→ GIVEN RECORDS:
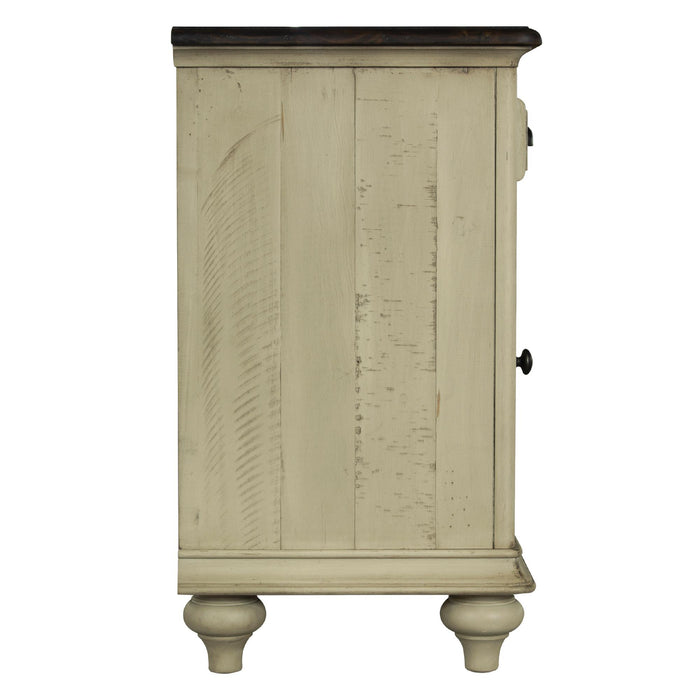 Sunset Trading Shades of Sand Nightstand | Narrow | Drawer | Cabinet | Cream/Walnut Brown Solid Wood -  Chapter 11 Furniture (Lewiston, Maine)
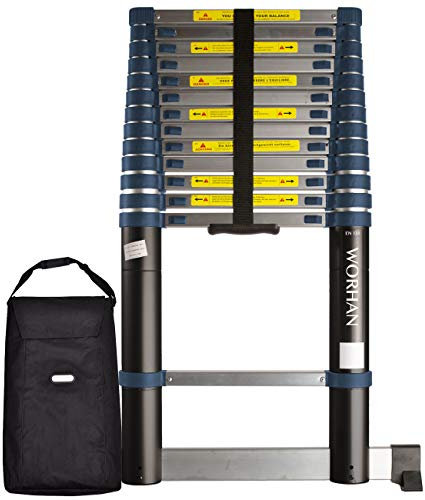WORHAN Scala Telescopica 4.1m PRO con STABILIZZATORI ESTENSIBILE Solida Anodizzata Alluminio Funzione Distanziale da Parete Integrata 1K4.1+bag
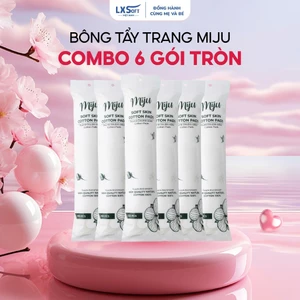 Combo 6 gói Bông tẩy trang Miju tròn vuông dập viền chắc chắn, mềm mại, an toàn mọi loại da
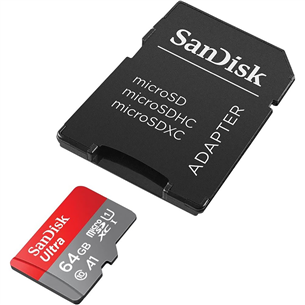 MicroSDXC mälukaart SanDisk Ultra + adapter (64 GB)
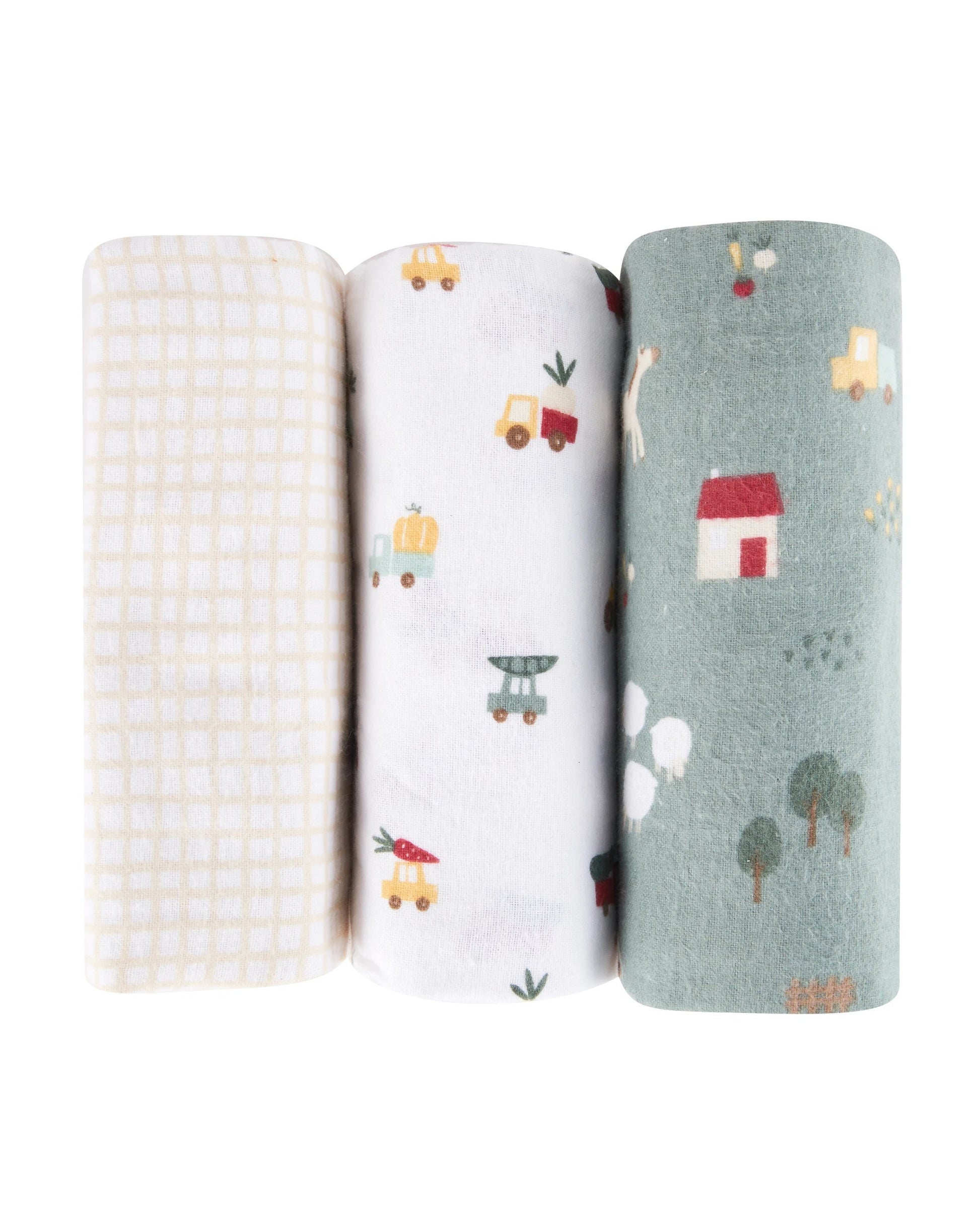 3 Pack Cotton Flannelette Wraps - Farm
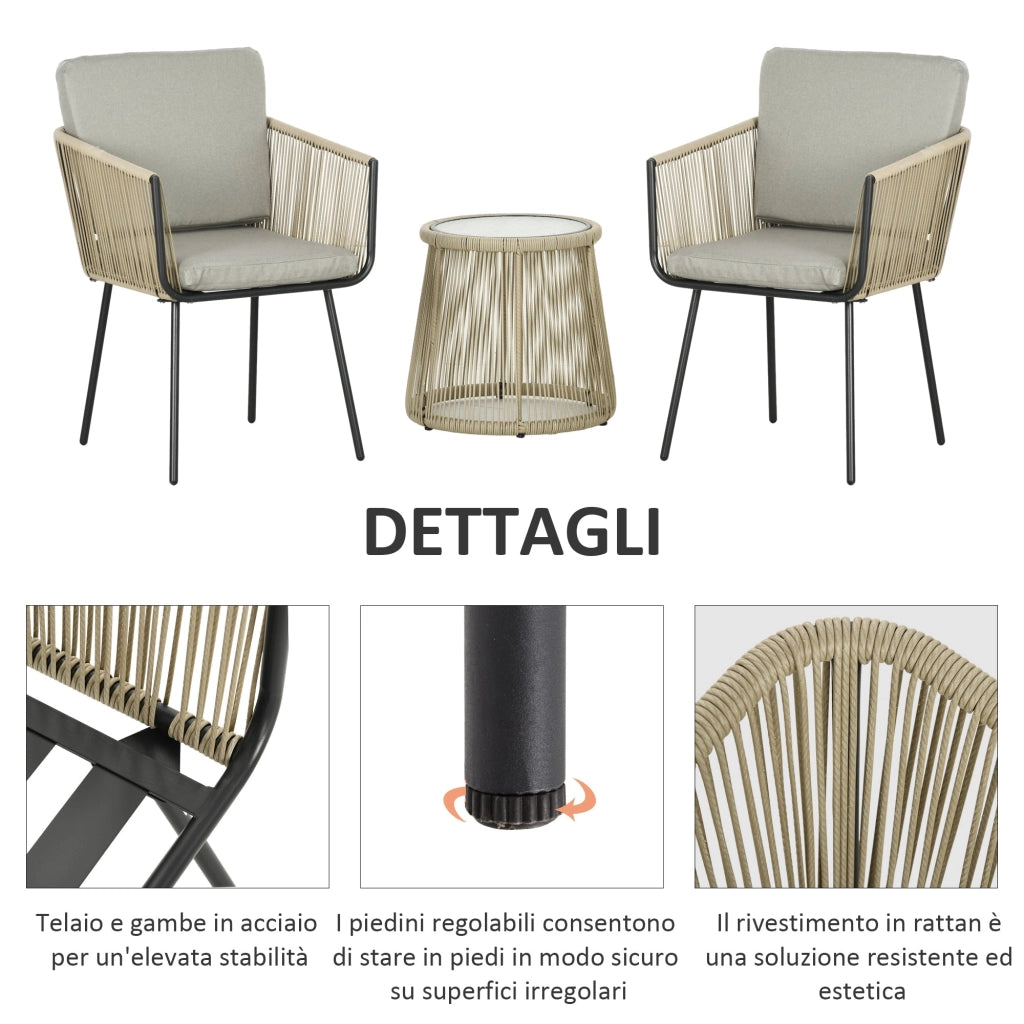 Set da Giardino 2 Sedie in Stile Boho e Tavolino in Vetro in Rattan Caffè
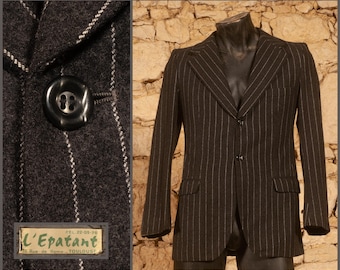 Vintage 60s 'L'Epatant' Wide Notch Lapel 2 Button Jacket - size UK/US 36 - EU 46 - Small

→ REQUIRED WORK:
Lines from the one containing "WORHAN Scala Telescopica" through the final line of the entries above are to be retyped exactly, with every picture left out.

→ WRITTEN ANSWER:
WORHAN Scala Telescopica 4.1m PRO con STABILIZZATORI ESTENSIBILE Solida Anodizzata Alluminio Funzione Distanziale da Parete Integrata 1K4.1+bag
 Combo 6 gói Bông tẩy trang Miju tròn vuông dập viền chắc chắn, mềm mại, an toàn mọi loại da
 MicroSDXC mälukaart SanDisk Ultra + adapter (64 GB)
 3 Pack Cotton Flannelette Wraps - Farm
 Set da Giardino 2 Sedie in Stile Boho e Tavolino in Vetro in Rattan Caffè
 Vintage 60s 'L'Epatant' Wide Notch Lapel 2 Button Jacket - size UK/US 36 - EU 46 - Small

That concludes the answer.